Porém, se em um primeiro momento parece que a história se encaminha para uma pintura de Hunt como um "romântico" disposto a morrer por seu esporte e Lauda um homem de pura técnica que pode até se arriscar, mas que evitará a morte sempre que possível - um antagonismo que por vezes nos remete ao excelente documentário Senna e à rivalidade do piloto brasileiro e o francês Alain Prost, logo podemos respirar aliviados ao constatar que Rush não tomará um lado, alternando o protagonismo entre seus personagens e lhes colocando como homens "heroicos" ou "vilanescos" em seus devidos momentos - e se uso aspas em ambas as palavras é por que o filme também os reconhece como seres humanos, com suas qualidades e defeitos que apenas os tornam mais reais. Assim se Lauda tem, obviamente, o arco de maior força dramática por conta de seu grava acidente e sua incrível recuperação que o permitiu voltar às pistas no mesmo ano, em uma corrida sensacional que lhe manteria na disputa de um título que só perdeu no último grande prêmio, Hunt ganha sua própria cena de superação quando lidando com um carro com a alavanca de marcha quebrada, correndo em condições adversas e precisando ultrapassar diversos carros para alcançar o pódio ainda assim se torna campeão. E no meio disso tudo Daniel Brühl (gigante em cena muito antes do acidente e ainda melhor após ele) e Chris Hemsworth (carisma puro, mas mais que isso, jamais nos lembrando de que é o Thor, algo totalmente novo em sua carreira) brilham a ponto de quando os verdadeiros Nikki Lauda e James Hunt surgem em cena em imagens de arquivo, ficar difícil distinguir o real e a ficção.
Interessante também, é notar como ao contrário de em filmes antecessores de Howard, onde o ápice dramático é também o ápice da superação pessoal dos personagens principais – o Nobel de John Nash; o título mundial de Jim Braddock -, o clímax de Rush é o encontro dos dois pilotos já campeões do mundo, onde se reconhecem como dignos de respeito um do outro justamente por motivarem-se mutuamente a serem ainda melhores nas pistas.

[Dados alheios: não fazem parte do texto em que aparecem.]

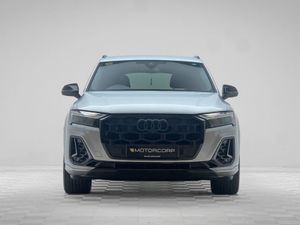 Audi Q7 55 Tfsi E Black Edition Quattro - Image 2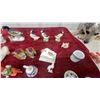 Image 4 : Collection of Miniature Porcelain Thimbles, Delft Clogs, Figurines, Teacups, Trinkets, and More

Nada de um discurso impactante ou um gesto climático, o ponto alto da trama aqui é uma troca de meia dúzia de palavras e o reconhecimento do rival/companheiro como um semelhante “campeão”/”campeão”, uma sutileza até então impensável no cinema de Ron Howard, que, justiça seja feita, apresenta um trabalho de direção formidável aqui, com seus planos que nos jogam diretamente na pista de corrida, com câmeras na altura da pista e dentro do capacete dos pilotos, resultando no primor de imagem, som e ritmo que é a recriação do acidente de Lauda.
Há derrapadas nas curvas? Há, claro: em alguns momentos as tintas com que o roteiro pinta a rivalidade de Lauda e Hunt, bem mais amigos e menos rivais na realidade do que o filme mostra, é um pouco exagerada, mas isso é em prol da arte, o resultado compensa, já a maneira como trata o casamento/separação de Hunt com Suzy Miller (Olivia Wilde) é desleixado, sem desculpas mesmo - apesar de render uma tirada inspirada de Hunt. Mas mesmo um campeão nato como Rush derrapa algumas vezes, o que não ofusca seu brilho no pódio dos grandes filmes.